In Marketing and a Specialist all in one
Product Management in Roche Pharma
What leads a doctor of biochemistry to Marketing? Dr. Christian Polaschegg explains in an interview how he became a Product Manager at Roche Pharma.
Christian Polaschegg (35) studied Biochemistry at the Universities of Bielefeld and Göttingen. Subsequently, he earned his doctorate at the Max Planck Institute for Molecular Biomedicine in Münster. Since October 2011, he has been working for Roche Pharma in Grenzach-Wyhlen.
How did you, as a doctor of biochemistry, come to a job in product management?
After my doctorate the question remained of what I wanted to do professionally. Staying in science and conducting basic research was not an option for me. I wanted to do something different. Therefore, I could well imagine working in the pharmaceutical industry. I had a look at all of the usual job portals and found an announcement from Roche, applied and got the job.

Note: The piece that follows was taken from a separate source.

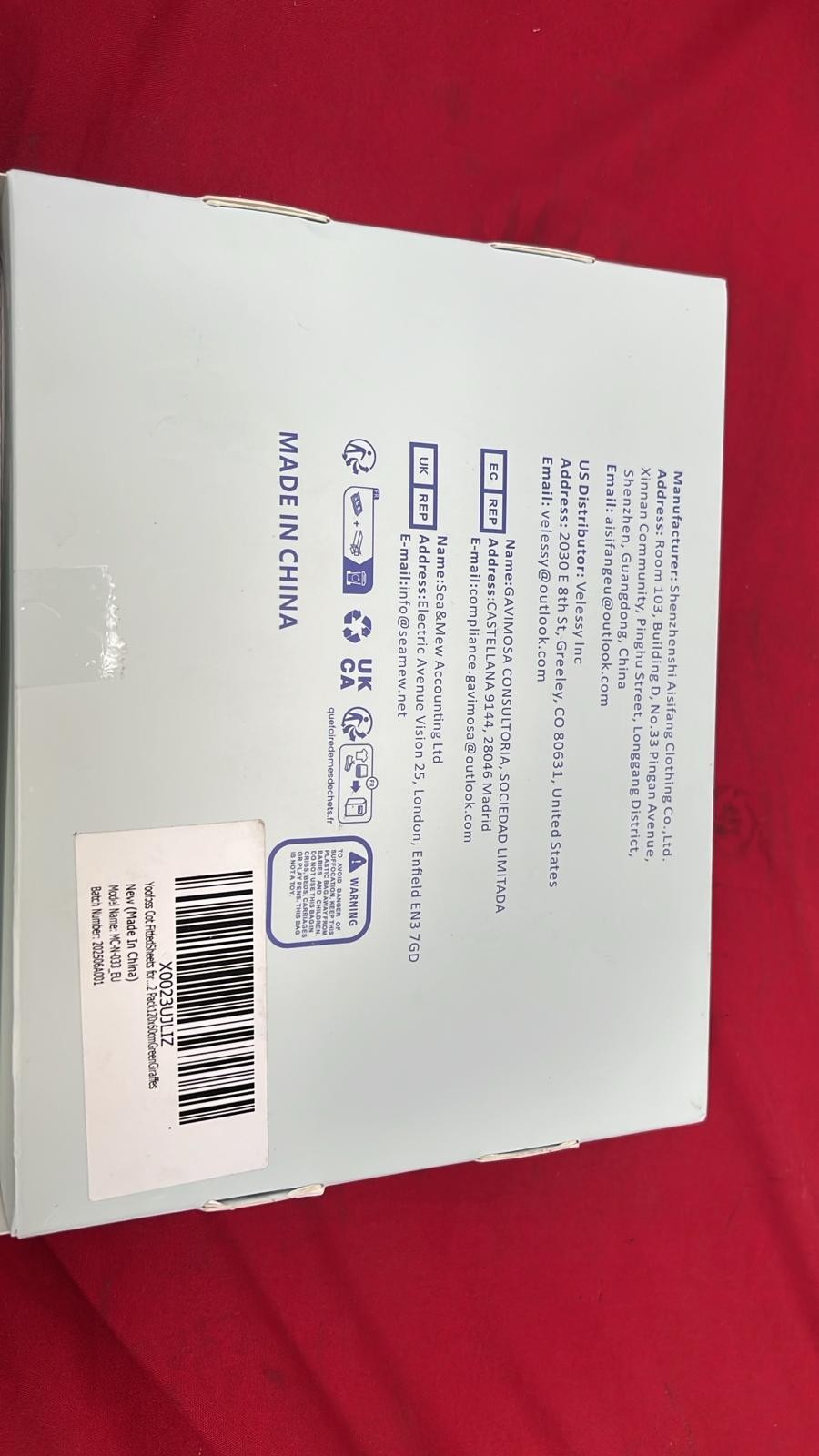 Yoofoss Cot Bed Sheets Fitted Super Soft and Breathable Cot (BOX DAMAGED)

Which position did you apply for? Did you join directly as a Product Manager?
First, I completed a three-year trainee program in Marketing. Half of the time is spent in the field. So, I presented data and led sales discussions in doctors’ practices and hospitals. It was good that this time was relatively long, since the area was completely new to me and I learned a lot in those 18 months. The other half of the time, I worked in the office in different departments and also gained a lot of important experience.
Isn’t that a rather unusual route?
No, even if it may seem unusual when seen from the outside. A large number of natural scientists work in Product Management at Roche. It makes perfect sense to be well-versed in the professional aspects in order to be able to perform good marketing for scientifically sophisticated products.
Nevertheless: Don’t you miss the technical depth – after all, now, you “only” work in Marketing?
What do you mean “only” in Marketing? It is an extremely challenging and fascinating job. In addition, I read all the studies on the pharmaceuticals and I am, therefore, always up-to-date scientifically.
You have the specialist knowledge from your studies. How did you acquire the Marketing knowhow?
Although I attended a seminar series on business strategies in the pharmaceutical industry during my doctorate, it did not really prepare me for the job. I acquired the marketing knowhow during the trainee program and with the support of my boss and my colleagues.
You walk into the office in the morning – and then …?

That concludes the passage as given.